The Clinton administration took broad actions to reduce or eliminate snowmobile and off-road vehicle use in national parks because of the inordinate pollution generated by the two-cycle engines that power many of these recreational vehicles. A large portion of the exhaust of such engines is unburned fuel.
Bush administration Interior Secretary Gale Norton has suspended many of the Clinton-era limitations until they can be reviewed for possible changes.
Whitman said the restrictions pending under her new plan would reduce carbon monoxide emissions from non-auto vehicles by up to 56 percent and hydrocarbon and nitrogen oxide pollution by as much as 80 percent.
Engine types to be affected by the new rules would include:
– Non-road engines used by industry to power heavy machinery. If adopted as proposed, Whitman’s rules would impose nationwide limits on these emissions by 2004 that are similar to those already adopted by California. Even stricter requirements would be in place by 2007, she said.
– Recreational diesel marine engines used in yachts and smaller pleasure craft. They would be subject to the same strict controls applied to commercial vessels within two years.
– Off-road motorcycles and all-terrain vehicles. The rules would seek to make manufacturers switch from two-cycle to four-cycle engines, starting in 2006. More stringent restrictions on emissions would be applied in 2009. Off-road motorcycles and all-terrain vehicles used only for sanctioned sport competition would be exempt.
– Snowmobiles. They would be required to reduce hydrocarbon and carbon monoxide emissions by 30 percent in 2006 and 50 percent in 2010, with an emphasis on switching engine types to accomplish that.
A spokeswoman for the EPA said the restrictions were ordered in response to a lawsuit filed by the Sierra Club and other environmental groups during the Clinton administration.
She said imposition of the rules must await a 60-day public comment period and public hearings Oct. 24 in Washington and Oct. 30 in Denver.

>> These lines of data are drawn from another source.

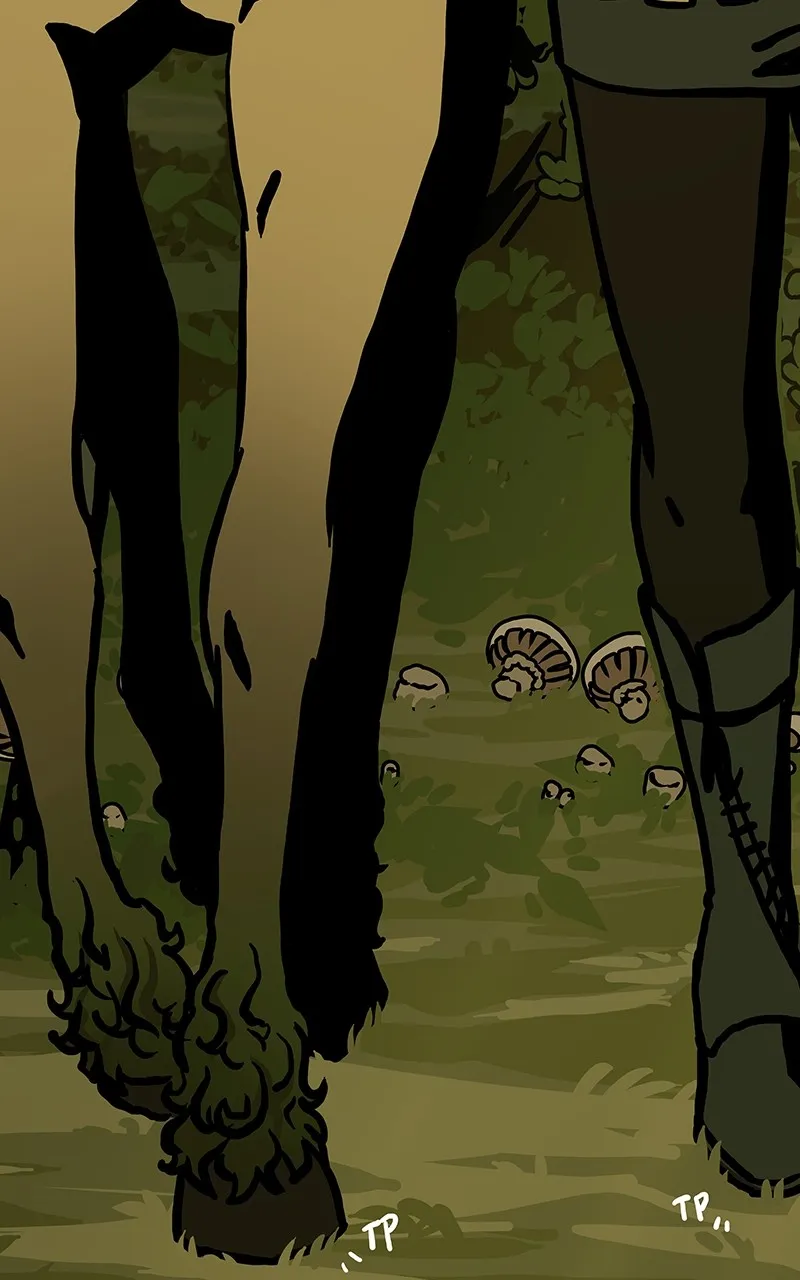 Time and Time Again Chapter 80 page 3 - 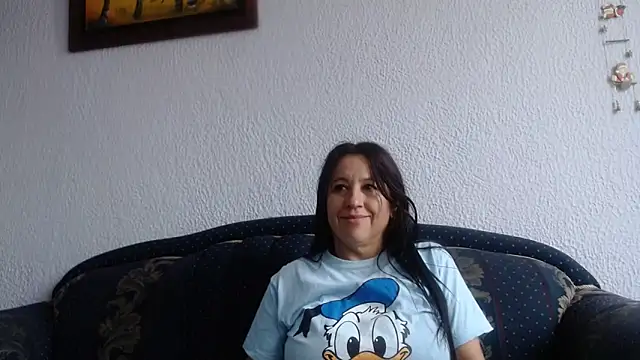 valeriapinter online show from 03/27/26, 01:00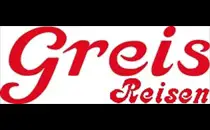 Greis - Reisen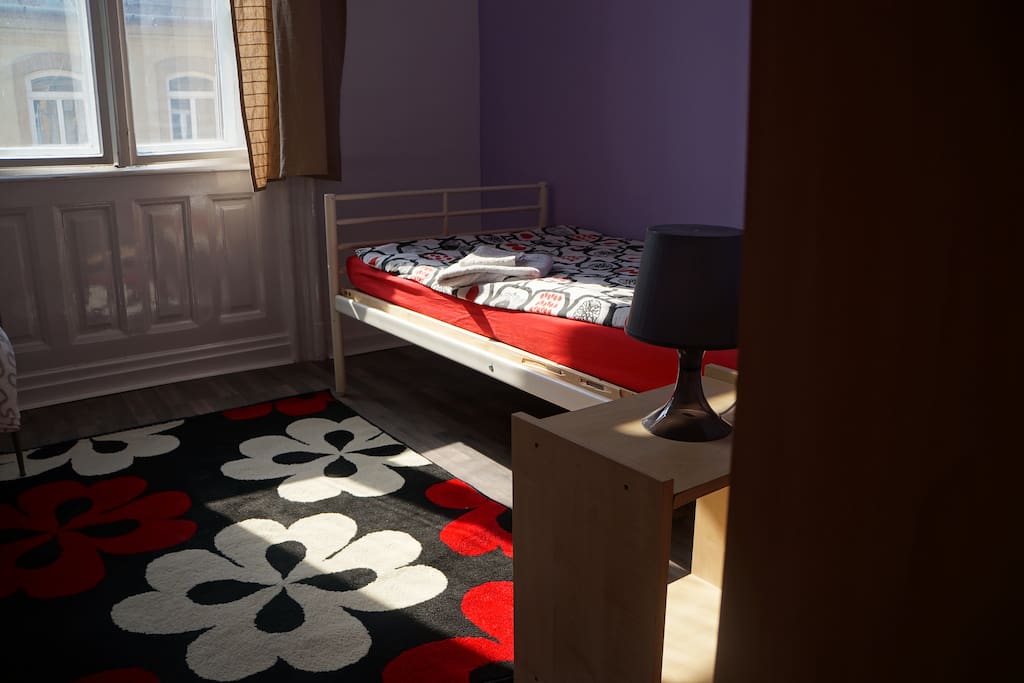 Single Private room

A spokesman for the Sierra Club said his organization would have no official comment on the EPA action because it is temporarily withholding comment on Bush administration environmental policies in the aftermath of the Sept. 11 terrorist attacks on the World Trade Center and the Pentagon.
The EPA is to propose new restrictions on highway motorcycles, gasoline-powered boats and personal watercraft within the next few months.